In the centre of the two hat halves is a statue by Jozef Jankovič called The Victims are Warning. There is also a symbolic grave of the unknown soldier and eternal flame of peace. Despite being filled with military regalia, the museum is careful not to glamorise either the war or the insurrection, instead placing what happened in Slovakia in a wider historical context. It does not dodge the most unsavoury aspects either; the plight of Slovakia’s Jewish population is fittingly remembered.

The SNP Museum offers some unusual exhibits. (Source: James Thomson)

Kalište: Keeping the memory alive

Hidden high in the mountains, 30 kilometres from Banská Bystrica is the small village of Kalište. These days, it consists only of two houses and a small chapel. Nobody has lived here since 1945, when what was once a vibrant village was awash with blood. It was an ideal place for partisans who had taken part in the SNP to seek supplies and, occasionally, shelter in the winter of 1944-5.

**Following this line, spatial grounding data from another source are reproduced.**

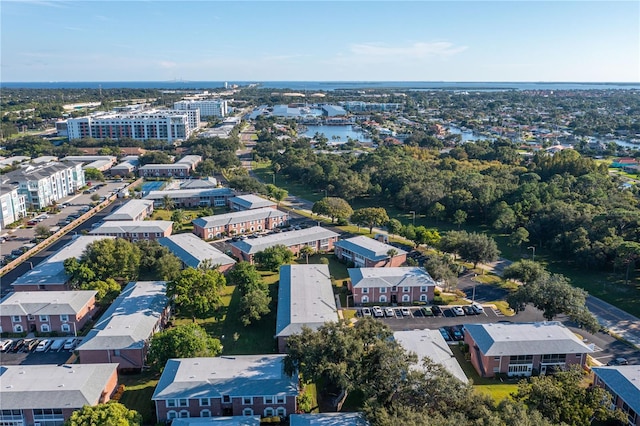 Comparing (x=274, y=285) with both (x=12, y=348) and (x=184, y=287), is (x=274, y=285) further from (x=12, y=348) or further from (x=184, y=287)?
(x=12, y=348)

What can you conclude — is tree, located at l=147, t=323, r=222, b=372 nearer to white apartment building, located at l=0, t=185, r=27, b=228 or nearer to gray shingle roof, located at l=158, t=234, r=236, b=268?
gray shingle roof, located at l=158, t=234, r=236, b=268

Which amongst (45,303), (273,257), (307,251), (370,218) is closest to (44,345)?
(45,303)

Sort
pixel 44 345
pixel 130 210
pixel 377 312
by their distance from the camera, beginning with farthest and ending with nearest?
pixel 130 210
pixel 377 312
pixel 44 345

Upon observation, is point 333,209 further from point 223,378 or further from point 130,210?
point 223,378

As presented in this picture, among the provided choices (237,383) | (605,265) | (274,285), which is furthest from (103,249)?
(605,265)

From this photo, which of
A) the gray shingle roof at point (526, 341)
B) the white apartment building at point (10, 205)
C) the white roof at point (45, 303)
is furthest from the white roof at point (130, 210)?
the gray shingle roof at point (526, 341)

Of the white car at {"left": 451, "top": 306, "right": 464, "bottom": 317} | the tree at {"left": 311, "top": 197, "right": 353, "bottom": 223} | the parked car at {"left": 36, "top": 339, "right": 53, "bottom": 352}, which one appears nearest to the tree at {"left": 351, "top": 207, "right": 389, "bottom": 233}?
the tree at {"left": 311, "top": 197, "right": 353, "bottom": 223}

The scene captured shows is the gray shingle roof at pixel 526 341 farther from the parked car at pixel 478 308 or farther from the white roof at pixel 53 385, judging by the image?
the white roof at pixel 53 385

The village is the only one of 102 villages across Slovakia destroyed in reprisals by the Germans and their local proxies in 1944 and 1945 that was not rebuilt. Two months before the end of the war, and five days before the liberation of Banská Bystrica, Kalište was torched by Nazi German troops. Fourteen citizens and 32 partisans were killed, many burned alive. Milan Kaliský was in Kalište that morning. “It was dark, maybe about five o’clock in the morning,” Kaliský said in an interview. “There were screams everywhere and we heard shots. Nazis entered and took us out of our homes. Anyone who couldn’t move was burned in their house. Other people stood in the middle of the village and waited. We waited the whole day in the snow. Then the Nazis torched almost all the houses in the village, some with injured people still inside. We watched as our houses burned down.”

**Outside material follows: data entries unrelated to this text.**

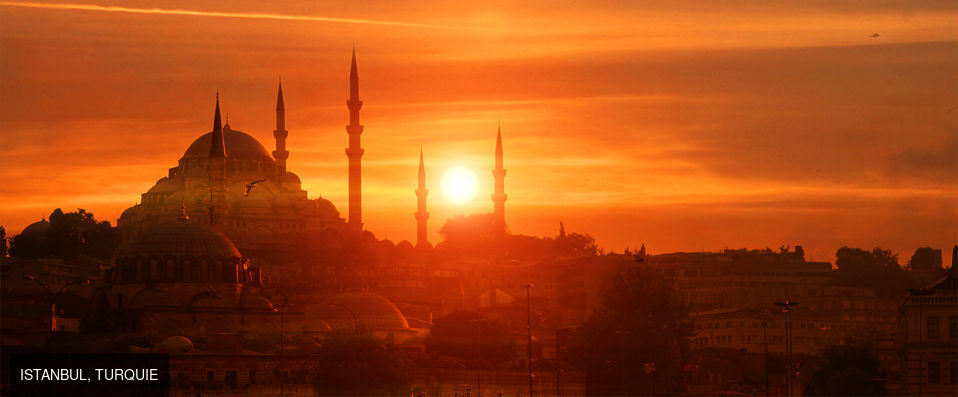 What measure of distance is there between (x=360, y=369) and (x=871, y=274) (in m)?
88.1

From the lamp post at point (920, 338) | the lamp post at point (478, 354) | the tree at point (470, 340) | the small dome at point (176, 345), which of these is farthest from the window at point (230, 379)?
the lamp post at point (920, 338)

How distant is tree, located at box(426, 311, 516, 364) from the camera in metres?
125

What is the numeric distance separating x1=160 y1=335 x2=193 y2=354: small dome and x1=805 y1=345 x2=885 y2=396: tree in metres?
32.0

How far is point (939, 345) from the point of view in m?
87.4

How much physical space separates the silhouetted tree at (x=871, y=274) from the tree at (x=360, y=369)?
72.9m

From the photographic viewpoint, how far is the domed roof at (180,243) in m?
138

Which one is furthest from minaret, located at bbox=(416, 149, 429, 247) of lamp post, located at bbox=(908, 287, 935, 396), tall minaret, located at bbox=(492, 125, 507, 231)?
lamp post, located at bbox=(908, 287, 935, 396)

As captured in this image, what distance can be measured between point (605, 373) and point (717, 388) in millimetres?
7324

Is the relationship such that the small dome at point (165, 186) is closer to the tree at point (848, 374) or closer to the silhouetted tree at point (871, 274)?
the silhouetted tree at point (871, 274)

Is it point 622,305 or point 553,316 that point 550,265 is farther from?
point 622,305

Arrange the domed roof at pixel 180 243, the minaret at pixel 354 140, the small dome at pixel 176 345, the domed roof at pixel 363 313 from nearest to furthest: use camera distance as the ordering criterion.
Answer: the small dome at pixel 176 345 < the domed roof at pixel 363 313 < the domed roof at pixel 180 243 < the minaret at pixel 354 140

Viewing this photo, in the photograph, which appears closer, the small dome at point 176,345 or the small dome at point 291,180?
the small dome at point 176,345

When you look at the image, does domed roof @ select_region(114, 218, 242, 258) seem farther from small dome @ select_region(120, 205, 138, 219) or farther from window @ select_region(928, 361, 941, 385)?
window @ select_region(928, 361, 941, 385)

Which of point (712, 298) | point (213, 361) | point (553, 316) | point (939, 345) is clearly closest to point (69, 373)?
point (939, 345)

Only two houses now remain; stone foundations mark the sites of the other 36. Around the site information boards were erected, but only two address the massacre. Roman Hradecký, director of the Central Slovakia Museum in Banská Bystrica, explains that the rest – and indeed the whole site – is intended to celebrate the lives of the people who lived here rather than just dwell on their fate.

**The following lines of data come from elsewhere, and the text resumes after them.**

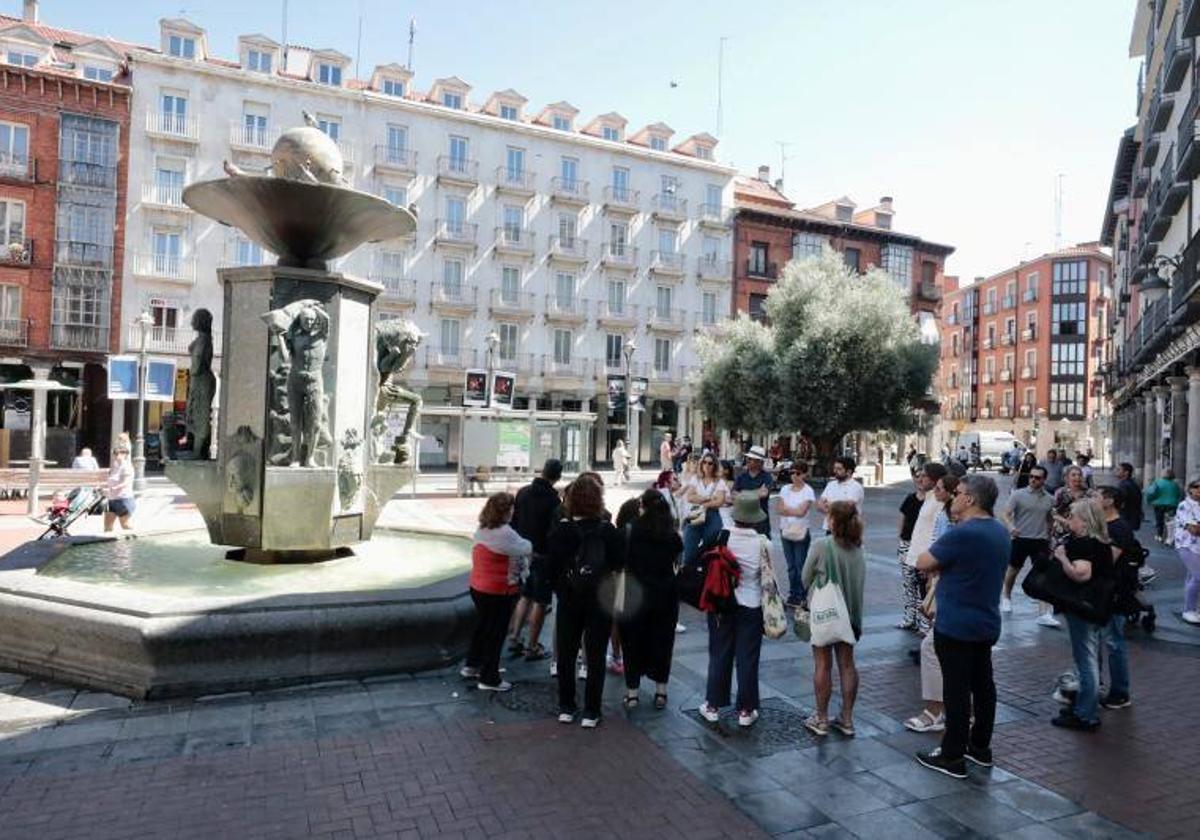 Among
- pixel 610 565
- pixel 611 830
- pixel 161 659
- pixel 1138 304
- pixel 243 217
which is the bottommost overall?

Historians with the museum have researched recipes for the local food enjoyed and the songs sung here and have found photographs of the villagers to illuminate the displays. Hradecký says that what emerged most strongly from the research was the role played by women.

Kalište’s main industry was burning wood for charcoal. As a result, the men were away for long periods in the surrounding forest, and it was left to the women to run the village, raise the children and haul supplies by foot up the back-breaking road from the valley below.

In 2008 the SNP Museum established what it calls a Garden of Life on the site, with a tree planted for every Slovak village which suffered a fate similar to Kalište’s, with details of each village presented next to the tree.

More information about travelling in Slovakia
Please see our Spectacular Slovakia travel guide.

Svidník: Re-enacting Slovakia's liberation

Visitors do not typically go to Svidník for the city’s architecture but for its role in recent history. The Svidník district was one of the first places in Slovakia to be liberated by Soviet and Czechoslovak forces from Nazi German occupation in 1944. The Allied units forced their way from Poland and through the Dukla Pass, north of Svidník, in a hard-fought battle that began in September 1944.

According to historians at Svidník’s Military Museum, this so-called Trans-Carpathian Operation was not part of the Soviet strategic plan, which had involved crossing Poland and heading straight toward Germany. The decision to instead commit significant forces to an advance through Slovakia was a response to the SNP.

But the speed with which Nazi Germany occupied Slovakia, crushed the SNP and proceeded to reinforce the country with up to 20 divisions meant that the Dukla battle took much longer than was planned: Soviet strategists had expected to reach Prešov in five days, when, in fact, it took them more than four months.

Across the expansive grounds of the Military Museum in Svidník, which is laregely an outdoor museum, march a row of World War II tanks, armoured cars and even aeroplanes. There is a Soviet war memorial marking the mass grave of at least 9,000 unnamed Soviet soldiers who died in the area, a testament both to the soldiers and to the scale of the fighting.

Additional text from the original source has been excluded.